COP 17: Africa calls for clear climate finance benchmarks after failed pledges

The African Group of Negotiators (AGN) is arguing strongly for the need to have agreed benchmarks on climate finance, so as to foster transparency and accountability in the way the money is provided and used, according to a new report released on the sidelines of the ongoing COP17 in Durban, South Africa.

Chaired by Mr.

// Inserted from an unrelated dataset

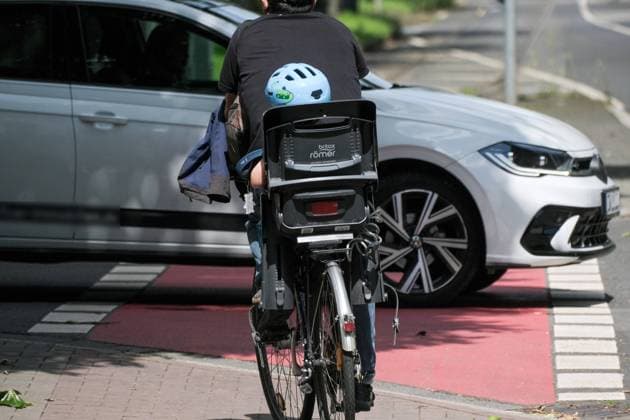 Düsseldorf 07.08.2023 Fahrrad Kindersitz britax Römer Kleinkind Schutzhelm Kinderhelm Helmpflicht Vater Kind Familie Familienausflug Fahrradweg Autoverkehr Fahrradweg Unfallgefahr Strassenkreuzung Düsseldorf Nordrhein-Westfalen Deutschland *** Düsseldorf 07 08 2023 bicycle child seat britax Römer toddler safety helmet child helmet helmet duty father child family family outing bicycle lane car traffic bicycle lane accident danger street crossing Düsseldorf North Rhine Westphalia Germany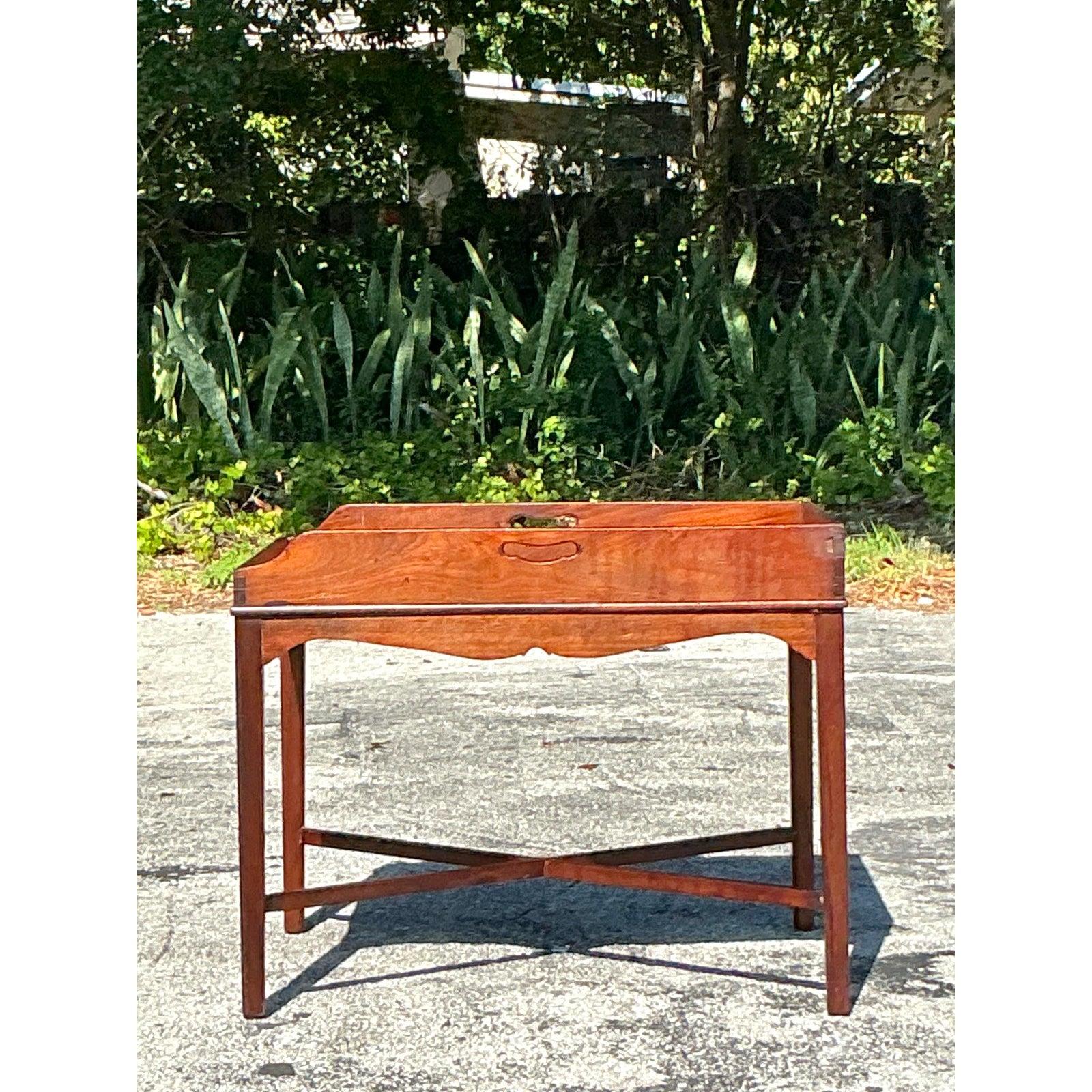 Table à café vintage Regency Gallery en acajou en vente 2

Tosi Mpanu Mpanu of the Democratic Republic of Congo, the African Group is the group of 53 African countries represented at the UN climate change negotiations.

According to a statement issued by the Information and Communication Service of the UN’s Economic Commission for Africa (ECA), the report presents up-to-date figures on the current provision of climate finance for Africa and reveals the abysmally low levels of delivering on global climate change finance promises.

The report, researched and written for AGN by the African Climate Policy Centre (ACPC) of the ECA, reveals that current finance available for Africa and other developing countries under the fast-start finance is not commensurate to the scale required to implement the activities agreed to in the UN climate convention.

“For example,” according to the statement “the report points to the $29.2 billion pledged since 2009, and states that only between $2.8 and $7.0 billion are “new” or not previously pledged. This means that the total amount of funds that are both ”new” and “additional”, that is on top of aid budgets, would be less than $2 billion.”

The report further reveals that “While 97% of the promised $30 billion has been pledged, only 45% has been “committed”, 33% has been allocated, while a mere 7% has actually been disbursed.”

The report, ECA said, states that finance is being directed towards mitigation projects over adaptation projects, and instead of seeking a minimum of balance, “around 62% of the money has been poured into mitigation and only 25% is earmarked for adaptation and 13% for REDD+ (forestry, which should count as mitigation).”

It points to several lessons that can be learned from the current ‘fast start finance’ system, which was supposed to deliver $30 billion in “new and additional” funding to developing countries, as agreed upon at the Copenhagen climate conference (COP15) in 2009, the UN agency indicated.

Launching the report, Yacob Mulugetta, Senior Energy and Climate Specialist at the ACPC said that “the experience with the “fast-start” pledges and discussions of the $100 billion promise suggests that the adequacy and predictability of climate finance may remain very uncertain if the future climate finance architecture reflects current practice.

“African countries, as well as many other developing countries, are vulnerable to climate change and are among those least likely to have the resources required to withstand its adverse impacts. Yet, there has not been any indication that the magnitude of climate finance will get to the level of what is needed,” Seyni Nafo, Spokesperson of the African Group was quoted as saying.

He pressed the case for long-term climate finance to be made more accountable and transparent, adding that “in Africa, we need to know how much is new, where it is coming from, and whether it will be directed towards adaptation projects that are desperately needed in Africa.”